- DATA EXCERPT:
....................

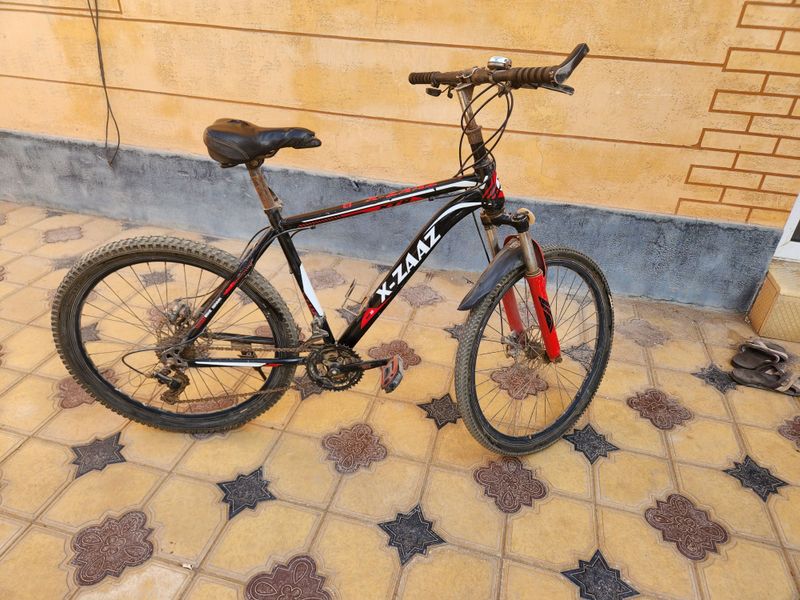 Velosiped sotiladi Velosiped sotiladi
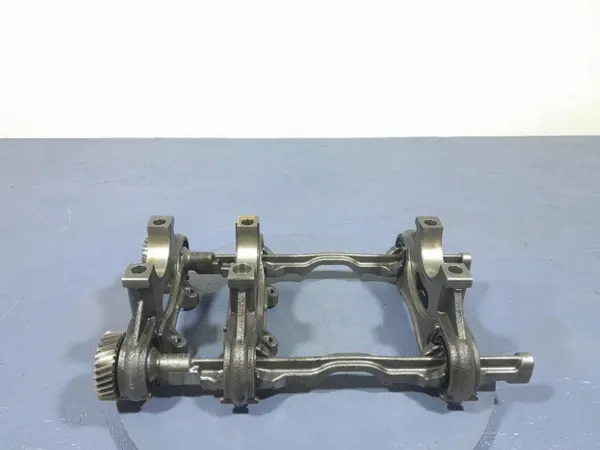 Árboles de equilibrado Mercedes OEM A6510110700 - Usado image 2
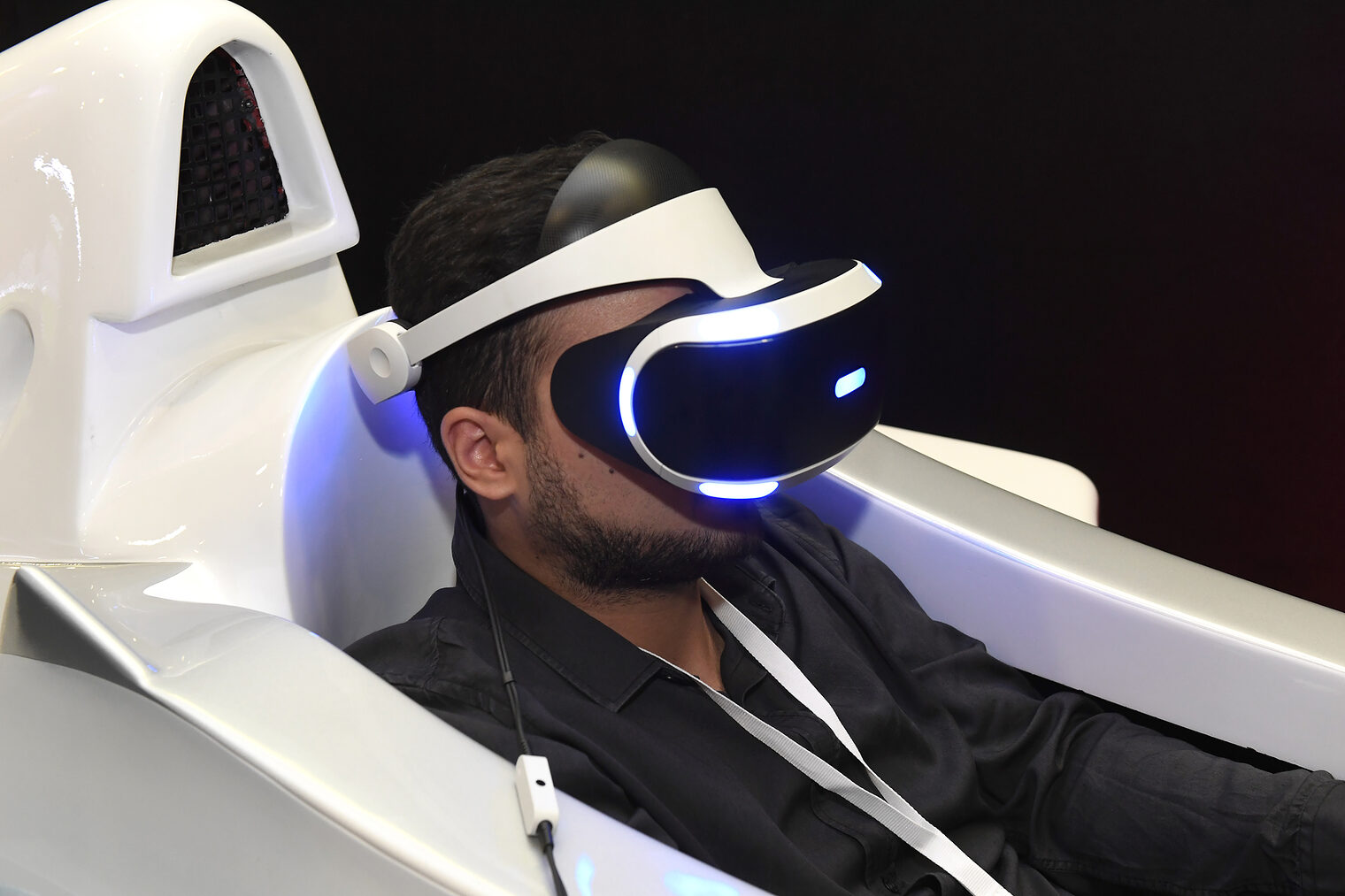Per Virtual-Reality-Brille konnten alle Gäste im Foyer ihre Fähigkeiten auf der Rennstrecke testen.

....................

- WORK INSTRUCTION:
The full listing, transcribed exactly and without its pictures, is the expected result.

- TASK RESPONSE:
 Velosiped sotiladi Velosiped sotiladi
 Árboles de equilibrado Mercedes OEM A6510110700 - Usado image 2
Per Virtual-Reality-Brille konnten alle Gäste im Foyer ihre Fähigkeiten auf der Rennstrecke testen.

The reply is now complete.